**Prompt:** Please transcribe the data below exactly. Leave the pictures out.
*** Opening Source data ***
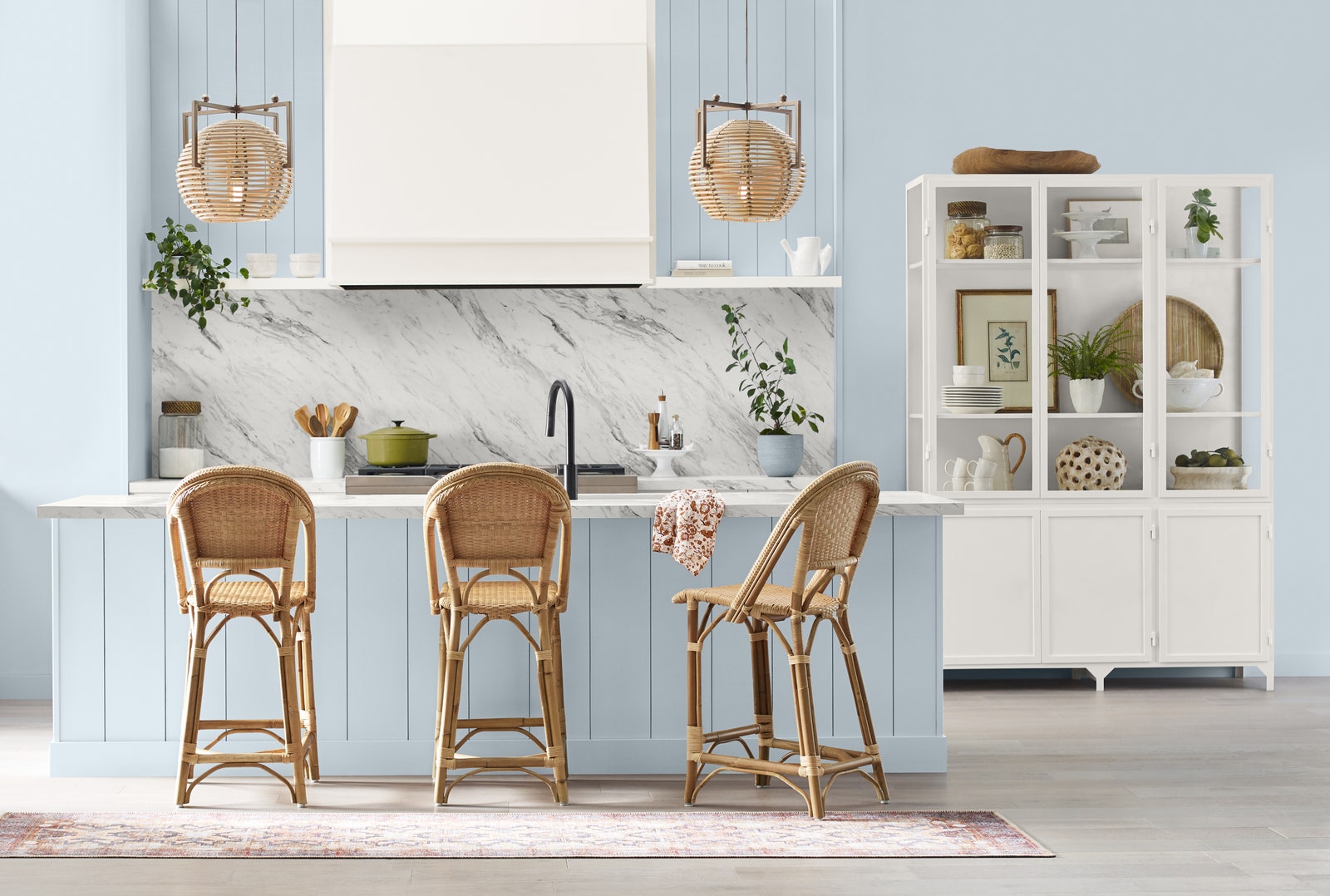 kitchen in Sherwin Williams 2024 Color of the Year Upward
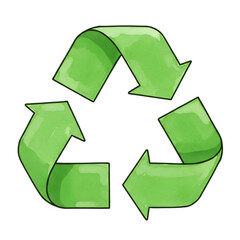Bright green recycling symbol with three arrows forming a loop isolated on transparent background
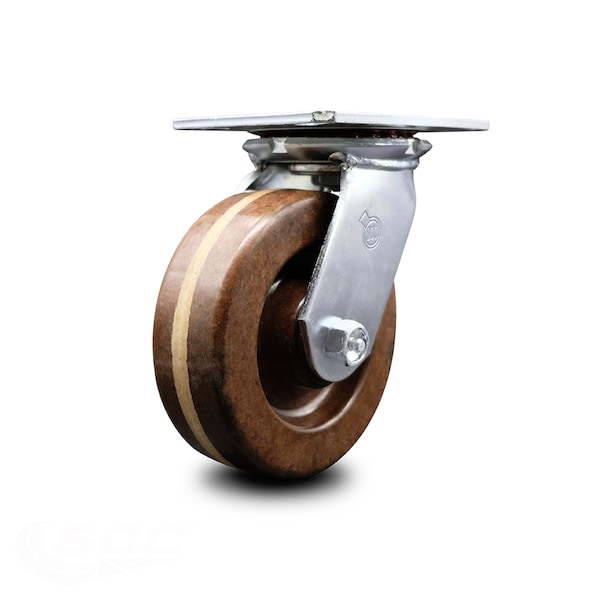 6 Inch Heavy Duty Top Plate High Temp Phenolic Swivel Caster with Roller Bearing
*** Closing Source data ***
**Answer space:**
 kitchen in Sherwin Williams 2024 Color of the Year Upward
Bright green recycling symbol with three arrows forming a loop isolated on transparent background
 6 Inch Heavy Duty Top Plate High Temp Phenolic Swivel Caster with Roller Bearing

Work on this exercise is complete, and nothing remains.